COLUMN: What's the Matter with that Kid?

By Tobin Barnes
I was a killer in my youth.
  
Yup, cold blooded, cold hearted.
  
I killed flies.
  
Man, I must have killed thousands.
  
I can’t say I feel any remorse, however. Both the flies and I were pawns in a bigger game. They played their part, I played mine.
  
The flies swarming around the pop bottles in the wooden crates at our motel were a nuisance that drove my old man nuts...flies, and other things.
  
So, anyway, the flies had to go. Though there were other fairly obvious solutions, I and my swatter were the closest to his mind.
  
That’s why my old man would see me sitting around, doing nothing, maybe watching TV--just like him--and he’d send me out to do something productive instead, like summarily executing insects. He’d tell me to kill fifty.
  
Coke Vending Machine FacadeI suppose my old man could have told me to go out and kill flies until lunch or until supper or till the cows came home or until he told me to come back in, but such an amorphous sentence would have sounded like punishment, and he wasn’t trying to punish me. He was giving me a job.
  
Fifty flies.
  
It was a crappy job, but it was a job, nonetheless.
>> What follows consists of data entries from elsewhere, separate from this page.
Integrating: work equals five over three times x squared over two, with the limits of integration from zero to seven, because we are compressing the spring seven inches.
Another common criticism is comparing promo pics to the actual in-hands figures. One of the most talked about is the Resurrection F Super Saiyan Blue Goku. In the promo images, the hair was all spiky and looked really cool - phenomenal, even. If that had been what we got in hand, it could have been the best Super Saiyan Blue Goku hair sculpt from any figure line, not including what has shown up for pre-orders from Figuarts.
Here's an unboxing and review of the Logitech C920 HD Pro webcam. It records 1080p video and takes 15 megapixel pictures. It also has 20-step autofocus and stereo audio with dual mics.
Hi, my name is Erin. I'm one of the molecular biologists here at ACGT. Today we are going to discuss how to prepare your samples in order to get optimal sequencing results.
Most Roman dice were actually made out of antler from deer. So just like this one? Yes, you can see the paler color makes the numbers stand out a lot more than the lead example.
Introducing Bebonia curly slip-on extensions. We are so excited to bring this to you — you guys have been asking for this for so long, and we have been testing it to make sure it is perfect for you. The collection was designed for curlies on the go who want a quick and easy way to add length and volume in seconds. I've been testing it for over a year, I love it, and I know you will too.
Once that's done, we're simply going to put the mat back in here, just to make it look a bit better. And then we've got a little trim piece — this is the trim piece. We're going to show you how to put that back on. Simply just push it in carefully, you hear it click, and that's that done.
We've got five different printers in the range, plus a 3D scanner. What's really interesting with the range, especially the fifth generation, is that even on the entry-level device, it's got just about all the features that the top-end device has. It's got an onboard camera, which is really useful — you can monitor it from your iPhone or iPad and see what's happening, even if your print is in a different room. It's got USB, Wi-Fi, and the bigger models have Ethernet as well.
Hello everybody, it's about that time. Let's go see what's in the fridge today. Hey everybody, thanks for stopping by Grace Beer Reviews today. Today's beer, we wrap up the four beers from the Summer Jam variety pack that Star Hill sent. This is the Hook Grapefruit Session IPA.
There was a beginning to the job, at fly number one, and there was an end to the job, at fly number fifty. It was a job with defined purpose and symmetry, maybe more than many can say about their jobs.
  
I only wonder what the guests must have thought of that little kid out there. Probably wondered when I was going to move up to torturing cats.
  
And after completing my job, I’d come in, get something to drink, possibly something to eat, sit down on the couch there and watch a TV program. Then, oftentimes, my old man would tell me to go out and kill fifty more. Yeah, this job had a rewind button.
  
In my contemplative interludes while waiting for the next fly to land, it sometimes occurred to me that the 50 X 50 X 50 fly carcasses were piling up. And that perhaps new cannabalistic flies were now attracted to our motel beverage area by the dead flies already there. It seemed that no matter how many flies I killed, it never put the merest dent in the problem.
  
I’ve since theorized that flies, like other scavengers such as vultures and sharks, keep an eye out not only for nourishment but also keep an eye out for their fellow scavengers. When they see other flies (vultures, sharks) circling in on a prize, they nudge on over to that area, too.
  
Therefore, it’s my belief that though I was killing flies at a steady clip, the worldwide fly population was merely shifting its multitudes incrementally in the direction of our motel where there seemed to be boundless opportunity, thereby almost infinitely refreshing our supply.
  
Yes, my job was a bottomless pit in so many ways.
  
But, for this and some other more normal chores, my old man compensated me with the proceeds of the pop machine, making me an young entrepreneur in the refreshment business. It was my job to keep the machine filled with pop and change, collect the coins from the tin box, and pay Cappy Ferguson, the route man who delivered fresh bottles. And I kept the profit...yeah...well, to save up for college.
  
Cappy loved to BS with my old man, just like Rocky, the car dealer, so he’d take his break at our place when he delivered to us and spring for cokes for the three of us.
  
Also in the interest of fairness, I have to admit that my old man took his turns killing flies, too, but I don’t think he was ever under the constraints of a quota like me. While having a smoke outside, he’d lean his weight on the hood of our car--or sometimes a tourist’s car--parked in the lot by the pop machine, and reclining like that on his elbows, he’d nail flies with the swatter whenever they landed. He was all wrists as opposed to my stalker style.
  
Unlike me, my old man looked upon this pastime not so much as a job but as a sport with a life purpose.
  
Anyway, things proceeded much like this at the motel until yet another crime spree broke into our summer quietude. I might tell you about it next time.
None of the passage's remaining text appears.